Apple Patches iPhone Security Vulnerability

Following news that Apple's latest firmware update for the iPhone breaks the "jailbreak" software that many users had installed to run third-party applications or use a carrier other than AT&T, nCircle's Andrew Storms said that, with the iPhone SDK on its way, it's best to take advantage of the security patch and sit tight for a few months.
Apple has pushed out its 1.1.2 firmware update for the iPhone and iPod touch, which fixes a bug in rendering TIFF images. The bug has been used by several groups to create software hacks for unlocking the phone and for "jailbreaking" the phone to run third-party applications. It also made the iPhone extremely vulnerable to malicious exploits.
Previous versions of Apple's firmware used a version of the libtiff library that was susceptible to buffer overflow attacks. "By enticing a user to view a maliciously crafted TIFF image, an attacker may cause an unexpected application termination or arbitrary code execution," Apple's update page explained.
While the upgrade fixes a serious security Relevant Products/Services hole, it also breaks the "jailbreak" software many users have installed to run third-party applications or use the phone with a different carrier.
But hackers have already come up with a way around the update. Users can run software called Oktoprep before upgrading to 1.1.2. An outfit called Conceited Software now offers a jailbreak program to keep the phone open for third-party apps.

Hacks Not Worth the Risk

To get the benefits of the 1.1.2 upgrade without losing functionality, users can install Oktoprep on a phone running the 1.1.1 firmware. Once installed, it's safe to upgrade to 1.1.2. But users who have unlocked their devices might wind up with an iBrick if they upgrade without installing the latest hacks.
Apple has announced that it will release a software development kit for the iPhone in February, but until then the company appears locked in a cat and mouse game with the unlockers.
"For the mass majority of consumers, there is no high value to gain in risking another iPhone brick," Andrew Storms, director of security operations for nCircle, said in an e-mail. "With the SDK on its way, it's best to upgrade, take advantage of the security patch, and sit tight for a few months."
Even with the TIFF bug fix, enterprises should remain wary of the iPhone, Storms said. "Until Apple puts forth centralized configuration, compliance, and auditing mechanisms for the iPhone, it will just be a great gadget that every executive wishes their I.T. security staff would endorse," he said.
Besides fixing the TIFF hole, the latest upgrade offers a few new features. They include support for more languages, a battery indicator in iTunes, and a custom option for ringtones.

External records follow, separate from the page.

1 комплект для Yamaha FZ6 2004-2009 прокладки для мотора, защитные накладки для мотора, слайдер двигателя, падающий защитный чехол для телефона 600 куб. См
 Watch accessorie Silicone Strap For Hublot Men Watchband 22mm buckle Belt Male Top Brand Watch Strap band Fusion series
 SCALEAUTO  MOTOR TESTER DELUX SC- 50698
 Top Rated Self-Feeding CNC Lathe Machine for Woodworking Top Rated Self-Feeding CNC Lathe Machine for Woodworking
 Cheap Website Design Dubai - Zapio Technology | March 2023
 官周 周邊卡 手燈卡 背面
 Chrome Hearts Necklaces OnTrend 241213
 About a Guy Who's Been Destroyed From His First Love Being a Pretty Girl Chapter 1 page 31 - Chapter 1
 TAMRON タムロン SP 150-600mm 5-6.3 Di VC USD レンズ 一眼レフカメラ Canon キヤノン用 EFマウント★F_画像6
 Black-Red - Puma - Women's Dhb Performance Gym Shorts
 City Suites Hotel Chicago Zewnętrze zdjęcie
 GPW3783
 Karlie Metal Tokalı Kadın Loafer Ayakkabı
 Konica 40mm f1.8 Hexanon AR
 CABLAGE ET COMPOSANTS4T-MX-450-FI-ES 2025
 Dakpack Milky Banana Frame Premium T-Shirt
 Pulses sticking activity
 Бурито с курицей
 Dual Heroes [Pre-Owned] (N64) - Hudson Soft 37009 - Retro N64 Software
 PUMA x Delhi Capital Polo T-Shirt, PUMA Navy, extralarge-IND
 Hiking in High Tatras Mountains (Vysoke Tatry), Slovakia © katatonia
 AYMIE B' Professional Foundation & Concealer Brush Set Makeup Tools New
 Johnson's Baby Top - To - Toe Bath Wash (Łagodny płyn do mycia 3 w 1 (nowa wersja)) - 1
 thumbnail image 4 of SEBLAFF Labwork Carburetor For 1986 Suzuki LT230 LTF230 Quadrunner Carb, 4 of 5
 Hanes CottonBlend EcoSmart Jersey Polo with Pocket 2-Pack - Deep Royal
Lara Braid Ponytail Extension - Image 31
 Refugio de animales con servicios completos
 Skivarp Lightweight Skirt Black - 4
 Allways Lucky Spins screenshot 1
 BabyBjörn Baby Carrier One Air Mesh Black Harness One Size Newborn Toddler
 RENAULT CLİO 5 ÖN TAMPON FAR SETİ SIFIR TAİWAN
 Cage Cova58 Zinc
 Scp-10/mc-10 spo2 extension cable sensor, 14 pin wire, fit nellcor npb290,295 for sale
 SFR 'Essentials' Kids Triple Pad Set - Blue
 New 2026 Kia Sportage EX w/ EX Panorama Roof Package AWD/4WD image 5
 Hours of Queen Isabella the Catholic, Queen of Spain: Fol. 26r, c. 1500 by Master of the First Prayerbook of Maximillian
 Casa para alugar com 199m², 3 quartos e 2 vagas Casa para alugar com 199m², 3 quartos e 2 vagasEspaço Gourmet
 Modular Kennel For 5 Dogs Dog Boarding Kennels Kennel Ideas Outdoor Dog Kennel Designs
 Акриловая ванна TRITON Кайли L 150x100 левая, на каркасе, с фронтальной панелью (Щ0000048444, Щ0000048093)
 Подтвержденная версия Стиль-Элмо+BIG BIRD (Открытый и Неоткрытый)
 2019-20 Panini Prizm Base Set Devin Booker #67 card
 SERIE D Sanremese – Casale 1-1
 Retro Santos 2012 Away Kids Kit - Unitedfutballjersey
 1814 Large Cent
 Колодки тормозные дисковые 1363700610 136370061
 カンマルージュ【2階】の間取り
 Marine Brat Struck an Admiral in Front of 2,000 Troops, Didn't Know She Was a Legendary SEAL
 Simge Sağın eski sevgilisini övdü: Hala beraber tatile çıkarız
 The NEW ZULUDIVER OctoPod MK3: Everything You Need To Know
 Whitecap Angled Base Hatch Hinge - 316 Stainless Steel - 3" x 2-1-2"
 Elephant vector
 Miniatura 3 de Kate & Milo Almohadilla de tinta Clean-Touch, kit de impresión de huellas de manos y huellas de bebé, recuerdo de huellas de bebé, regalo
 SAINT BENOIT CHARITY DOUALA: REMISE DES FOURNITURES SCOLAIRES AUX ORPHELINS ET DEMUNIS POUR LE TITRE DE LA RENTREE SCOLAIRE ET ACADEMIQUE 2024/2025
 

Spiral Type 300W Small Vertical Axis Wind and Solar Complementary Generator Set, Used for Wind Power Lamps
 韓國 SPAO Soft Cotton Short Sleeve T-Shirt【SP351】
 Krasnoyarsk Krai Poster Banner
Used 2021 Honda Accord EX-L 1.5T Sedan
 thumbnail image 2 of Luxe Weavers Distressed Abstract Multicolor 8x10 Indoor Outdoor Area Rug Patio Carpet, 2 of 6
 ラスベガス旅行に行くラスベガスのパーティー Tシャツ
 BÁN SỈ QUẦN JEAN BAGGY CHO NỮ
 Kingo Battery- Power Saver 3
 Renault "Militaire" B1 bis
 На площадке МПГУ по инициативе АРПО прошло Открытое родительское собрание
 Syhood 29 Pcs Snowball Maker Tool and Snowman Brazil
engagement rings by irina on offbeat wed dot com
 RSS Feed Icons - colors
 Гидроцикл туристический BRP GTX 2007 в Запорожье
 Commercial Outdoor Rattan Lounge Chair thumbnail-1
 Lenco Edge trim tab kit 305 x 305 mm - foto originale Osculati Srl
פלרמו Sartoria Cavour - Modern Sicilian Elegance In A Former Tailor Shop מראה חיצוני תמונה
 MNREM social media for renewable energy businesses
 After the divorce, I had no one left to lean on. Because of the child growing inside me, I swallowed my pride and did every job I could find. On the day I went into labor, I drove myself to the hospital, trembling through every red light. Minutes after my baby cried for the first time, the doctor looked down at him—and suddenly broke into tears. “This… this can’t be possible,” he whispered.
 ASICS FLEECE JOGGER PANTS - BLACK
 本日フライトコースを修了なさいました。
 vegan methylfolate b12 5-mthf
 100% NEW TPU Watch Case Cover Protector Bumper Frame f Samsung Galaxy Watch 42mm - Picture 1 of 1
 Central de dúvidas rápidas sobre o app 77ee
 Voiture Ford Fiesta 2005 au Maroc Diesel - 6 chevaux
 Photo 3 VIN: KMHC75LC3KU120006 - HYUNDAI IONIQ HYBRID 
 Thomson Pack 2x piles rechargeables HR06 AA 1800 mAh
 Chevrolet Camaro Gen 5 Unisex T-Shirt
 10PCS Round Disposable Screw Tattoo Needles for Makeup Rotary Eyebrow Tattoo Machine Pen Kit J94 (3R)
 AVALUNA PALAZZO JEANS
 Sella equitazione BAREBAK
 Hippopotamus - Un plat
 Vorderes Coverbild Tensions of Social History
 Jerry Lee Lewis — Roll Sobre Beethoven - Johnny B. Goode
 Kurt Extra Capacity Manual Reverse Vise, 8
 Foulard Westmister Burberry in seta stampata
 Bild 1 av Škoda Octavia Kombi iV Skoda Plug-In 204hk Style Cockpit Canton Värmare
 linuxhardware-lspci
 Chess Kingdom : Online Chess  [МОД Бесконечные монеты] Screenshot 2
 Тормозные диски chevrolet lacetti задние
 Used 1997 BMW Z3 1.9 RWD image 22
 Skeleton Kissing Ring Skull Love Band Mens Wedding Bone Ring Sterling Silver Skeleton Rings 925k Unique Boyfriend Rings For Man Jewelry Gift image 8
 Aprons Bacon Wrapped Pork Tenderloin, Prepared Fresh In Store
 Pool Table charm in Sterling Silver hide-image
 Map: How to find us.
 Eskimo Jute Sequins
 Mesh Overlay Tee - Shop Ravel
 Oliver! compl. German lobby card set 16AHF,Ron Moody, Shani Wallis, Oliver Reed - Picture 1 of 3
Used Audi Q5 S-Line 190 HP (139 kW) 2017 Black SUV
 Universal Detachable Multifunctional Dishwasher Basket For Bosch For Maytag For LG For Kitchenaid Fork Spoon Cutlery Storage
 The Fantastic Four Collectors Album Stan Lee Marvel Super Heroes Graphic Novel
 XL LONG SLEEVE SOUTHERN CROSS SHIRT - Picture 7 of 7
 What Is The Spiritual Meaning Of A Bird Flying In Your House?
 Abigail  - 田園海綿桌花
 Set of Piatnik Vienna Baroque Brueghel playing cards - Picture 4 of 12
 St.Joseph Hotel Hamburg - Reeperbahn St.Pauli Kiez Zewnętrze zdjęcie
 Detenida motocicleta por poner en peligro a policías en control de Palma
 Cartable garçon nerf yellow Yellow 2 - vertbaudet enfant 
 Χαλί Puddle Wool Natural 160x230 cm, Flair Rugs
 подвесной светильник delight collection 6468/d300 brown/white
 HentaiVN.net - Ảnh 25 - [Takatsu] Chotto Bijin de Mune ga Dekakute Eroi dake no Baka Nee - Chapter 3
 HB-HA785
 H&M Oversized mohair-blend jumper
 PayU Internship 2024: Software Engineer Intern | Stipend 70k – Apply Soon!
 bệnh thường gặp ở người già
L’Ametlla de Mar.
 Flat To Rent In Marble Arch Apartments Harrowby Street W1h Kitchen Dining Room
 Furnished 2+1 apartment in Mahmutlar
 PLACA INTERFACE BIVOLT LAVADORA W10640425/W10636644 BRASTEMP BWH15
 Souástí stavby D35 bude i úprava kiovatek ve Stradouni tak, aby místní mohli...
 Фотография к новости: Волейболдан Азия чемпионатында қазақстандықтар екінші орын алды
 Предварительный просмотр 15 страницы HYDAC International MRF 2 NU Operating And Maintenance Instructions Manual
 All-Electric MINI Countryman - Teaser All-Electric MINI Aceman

China Mobile in Talks for iPhone

In other iPhone news, Apple is in preliminary negotiations with China Mobile to sell the iPhone in China, Wang Jianzhou, China Mobile's CEO, announced at an industry conference on Tuesday. "Our customers like this kind of fashionable product," he said.
Another China Mobile executive, Huang Haibo, told Agence France-Press, "Of course, we hope to bring the iPhone to China, but for the time being we're only in preliminary contact with Apple, and we have not made any concrete progress yet."
But Wang also said he finds the revenue-sharing model that Apple has won with carriers in the U.S. and Europe less than fashionable. "We still think we can maintain the operator-centric model because we have the customers, the end users," he said.
China Mobile is the world's largest carrier with 350 million subscribers, so it would be an excellent partner for Apple in China. But, as Wang said, that many subscribers also gives the company substantial bargaining power with Apple.
Apple is expected to launch the iPhone in Asia in 2008 and is in negotiations with several carriers across the region. Apple plans to launch its first Apple Store in China soon.